Dying well: the Christian hope

Dylan Thomas, author of Do not go gentle into that good night

Some parts of Scripture seem to speak straight to our hearts and minds. Others challenge us, because they don't seem to say what we'd expect them to say.

The book of Ecclesiastes is one example. It can be problematic for Christians, because it so often seems, well, sub-Christian. It has some wonderful poetry in it, and some wise advice: the Preacher's words about there being a season for everything, for instance (3: 1-8) have blessed and comforted many of us. However, it often seems rather cynical; it's a bit jaded and joyless. You really have to be in the mood.

There's perhaps nothing that shows this better than the Preacher's comments about death, in 9: 4-6:

Anyone who is among the living has hope – even a live dog is better off than a dead lion!

For the living know that they will die,

but the dead know nothing;

they have no further reward,

and even their name is forgotten.

Their love, their hate

and their jealousy have long since vanished;

never again will they have a part

in anything that happens under the sun (NIV).

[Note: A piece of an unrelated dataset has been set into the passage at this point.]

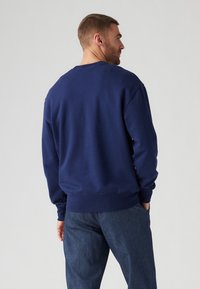 Marineblauwe sweatshirt met geribde boorden en onderrand, voorzien van een ronde hals en een zachte textuur. Draagt met denim broek, gezien vanaf de achterkant.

Again, it's wonderful poetry, but this is a world away from the Christian hope. We would be unwise to be too precise about what awaits us after death, but in Christian thinking it is a joyful completion and consummation of the life we live now. It is not less than we have now, neither is it an extension of the same: it is gloriously more.

One of the best-known poems of the 20th century is by Dylan Thomas. It is a villanelle, the most difficult of all poetic forms, with a highly complex rhyming scheme which makes it hypnoptic to hear. It begins: "Do not go gentle into that good night,/ Old age should burn and rage at close of day;/ Rage, rage against the dying of the light." It was written after the death of his father, and it is a passionate plea for life and a rejection of death, which is an end and an extinction: the "dying of the light" against which we should all burn and rage. The last of our possessions, life itself, is being taken from us: so, " Do not go gentle into that good night./ Rage, rage against the dying of the light."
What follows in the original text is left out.